The drop below 60% approval within the past week -- from 63% in Feb. 18-20 polling to 59% in Feb. 21-23 polling -- has mostly come among independents. Late last week, 62% of independents approved of Obama, compared with 54% in the last three days. His approval rating among Democrats has dipped slightly (but not to a statistically significant degree), while approval among Republicans has not changed.

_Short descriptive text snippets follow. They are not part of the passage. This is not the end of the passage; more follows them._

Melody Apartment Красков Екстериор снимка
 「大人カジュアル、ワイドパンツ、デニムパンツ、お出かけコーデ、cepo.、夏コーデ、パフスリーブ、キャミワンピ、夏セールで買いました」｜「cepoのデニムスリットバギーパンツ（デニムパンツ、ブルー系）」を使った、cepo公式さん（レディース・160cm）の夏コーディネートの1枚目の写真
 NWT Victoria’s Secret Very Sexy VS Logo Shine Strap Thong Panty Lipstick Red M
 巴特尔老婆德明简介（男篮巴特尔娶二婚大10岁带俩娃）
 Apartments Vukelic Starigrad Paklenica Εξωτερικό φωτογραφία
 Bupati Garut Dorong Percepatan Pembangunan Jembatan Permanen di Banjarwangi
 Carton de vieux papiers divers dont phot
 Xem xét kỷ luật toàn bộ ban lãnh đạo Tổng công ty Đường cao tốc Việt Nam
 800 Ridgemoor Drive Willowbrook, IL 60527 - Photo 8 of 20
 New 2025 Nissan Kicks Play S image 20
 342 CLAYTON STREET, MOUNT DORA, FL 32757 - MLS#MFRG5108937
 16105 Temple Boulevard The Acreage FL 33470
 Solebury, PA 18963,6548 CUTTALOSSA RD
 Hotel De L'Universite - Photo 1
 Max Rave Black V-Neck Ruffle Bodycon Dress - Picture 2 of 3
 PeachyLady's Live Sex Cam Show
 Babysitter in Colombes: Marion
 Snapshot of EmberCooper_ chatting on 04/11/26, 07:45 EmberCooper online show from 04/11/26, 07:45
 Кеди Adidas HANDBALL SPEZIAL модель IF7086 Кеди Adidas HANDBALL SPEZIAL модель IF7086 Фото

While Obama's overall approval rating has fallen by four percentage points in recent days (from 63% in Feb. 18-20 polling to the current 59%), his disapproval rating has been steady (24% in Feb. 18-20 polling to the current 25%). Rather, the percentage of Americans without an opinion of his job performance has increased, from 13% to 16%. In essence, Americans in recent days are becoming increasingly unsure about how Obama is doing, rather than becoming more critical.
As the table suggests, most of the movement among independents in recent days has been from the approval to the no opinion category. And his disapproval rating has dropped among Republicans, with a concomitant increase in no opinion. Thus, Americans' assessments of Obama are in a period of flux.
Given that Obama is addressing the nation tonight, he has a tremendous opportunity to convert Americans who are now on the fence -- in addition to those who now disapprove of him -- into supporters. The latest _USA Today/_Gallup poll shows Americans are most interested in hearing about economic matters, particularly how Obama will address unemployment, the mortgage crisis, and how the economic stimulus package will be administered.
*Survey Methods*
Results are based on telephone interviews with 1,553 national adults, aged 18 and older, conducted Feb. 21-23, 2009, as part of Gallup Poll Daily tracking. For results based on the total sample of national adults, one can say with 95% confidence that the maximum margin of sampling error is ±3 percentage points.
Interviews are conducted with respondents on land-line telephones (for respondents with a land-line telephone) and cellular phones (for respondents who are cell-phone only).
In addition to sampling error, question wording and practical difficulties in conducting surveys can introduce error or bias into the findings of public opinion polls.


----------



## cj3441 (Oct 14, 2004)

In the words of Dennis Green "he is who we thought he was"


----------



## Guest (Feb 25, 2009)

The low polls might be due to the fact that many of his supporters cannot read or write. They maybe answering the questions incorrectly.


----------



## 94c (Oct 21, 2005)

MSP75 said:


> The low polls might be due to the fact that many of his supporters cannot read or write. They maybe answering the questions incorrectly.


Or they heard Gallup pole and all headed to the race track because they thought something was for free.


----------



## 7costanza (Aug 29, 2006)




----------



## Hawk19 (Jan 9, 2009)

When you've got to make decisions instead of talk about "hope", you're bound to offend people. Taking a stance on the economy/gay marriage/taxes, etc., will always offend certain parts of the populace, diminishing the popularity of a candidate who specialized in being all things to all people. Optimism only goes so far... A cabinet would help, especially one that pays taxes.


----------



## 8MORE (Nov 25, 2008)

Wall St. has been showing what they think of him for a while now.


----------



## Hawk19 (Jan 9, 2009)

Very true. The only smart move I think he's made is appointing Locke as his new commerce guy, but then again, he should have been the first choice.


----------